**INFORMATION PROVIDED:**
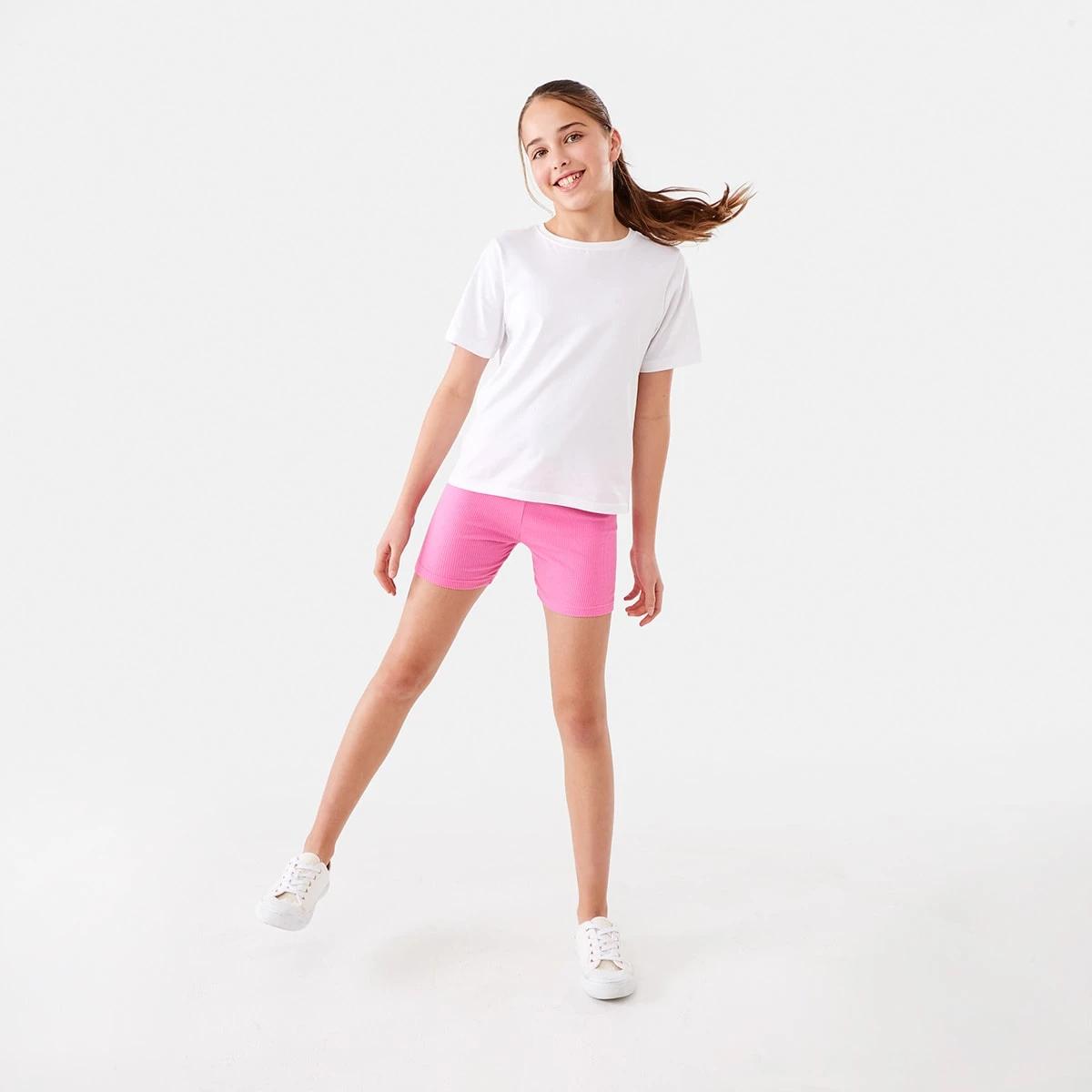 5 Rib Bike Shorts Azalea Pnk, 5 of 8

--

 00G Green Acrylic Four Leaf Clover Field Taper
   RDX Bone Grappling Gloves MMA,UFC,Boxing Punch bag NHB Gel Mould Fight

**EXERCISE GOAL:**
Using the entries shown above, reproduce verbatim the lines from the line bearing "00G Green Acrylic" to the line bearing "RDX Bone Grappling", inclusive.

**SOLUTION BELOW:**
 00G Green Acrylic Four Leaf Clover Field Taper
   RDX Bone Grappling Gloves MMA,UFC,Boxing Punch bag NHB Gel Mould Fight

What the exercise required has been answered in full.